WASHINGTON — Implementing universal health care, often called Medicare for all, would reduce competition and innovation in the health care industry and create longer waiting times for services, some health care policy experts said Wednesday.
Speaking at the conservative American Enterprise Institute, the experts argued over who benefits and who suffers from Obamacare and who would benefit from Medicare for all proposals. The consensus seemed to be that the latter has many potential shortcomings.
“The hard reality of Medicare for All is that there would be less competition,” said James C. Capretta, resident fellow at AEI and Milton Friedman chair. “When the government is fully in control and sets the price, by definition there will be supply restrictions — people will stop supplying at the level they had before and citizens will have to wait longer to get the care they want.”
When in 2016 Sen. Bernie Sanders included the idea of a health care system fully funded by the government in his presidential platform, the concept took off with many Democrats and was opposed by most Republicans. Yet, according to a 2019 Kaiser Family Foundation poll, around 40 percent of Republicans currently support it.
Supporters of Medicare for all say that health care is a human right and that increasing the number of people in Medicare could rein in growing costs of health care.
“I think it would benefit lower and middle-income consumers,” explained Paige Winfield Cunningham, a health care reporter for The Washington Post. “It will help people who have been left behind by Obamacare. [We are talking of 4-people households] with a $60,000 to $75,000 income, who are still struggling to afford their health insurance.”
According to Michael F. Cannon, director of health policy studies at the libertarian Cato Institute, taxes would have to be raised to cover the costs of Medicare for all.

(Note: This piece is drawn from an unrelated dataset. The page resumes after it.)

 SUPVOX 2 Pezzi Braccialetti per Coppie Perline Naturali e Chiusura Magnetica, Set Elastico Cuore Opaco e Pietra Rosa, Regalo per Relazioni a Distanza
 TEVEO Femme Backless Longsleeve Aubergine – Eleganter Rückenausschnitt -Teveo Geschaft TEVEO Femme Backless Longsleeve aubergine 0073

This would result in a “terrible hit to the economy,” he said.
“Collecting $1 of taxes doesn’t cost $1, it costs $1.30, sometimes even $2,” he said, which would result in “less economic activity, less job creation, less growth.”
Capretta said there would be other costs, too.
“How do you measure when people have to wait longer or there is less innovation?” he asked. “These are off-the-book costs that occur in Canada, in the U.K.and in all countries with nationalized systems. People would pay more if they got the services faster, but they can’t. There is a whole dynamic of lost opportunity.”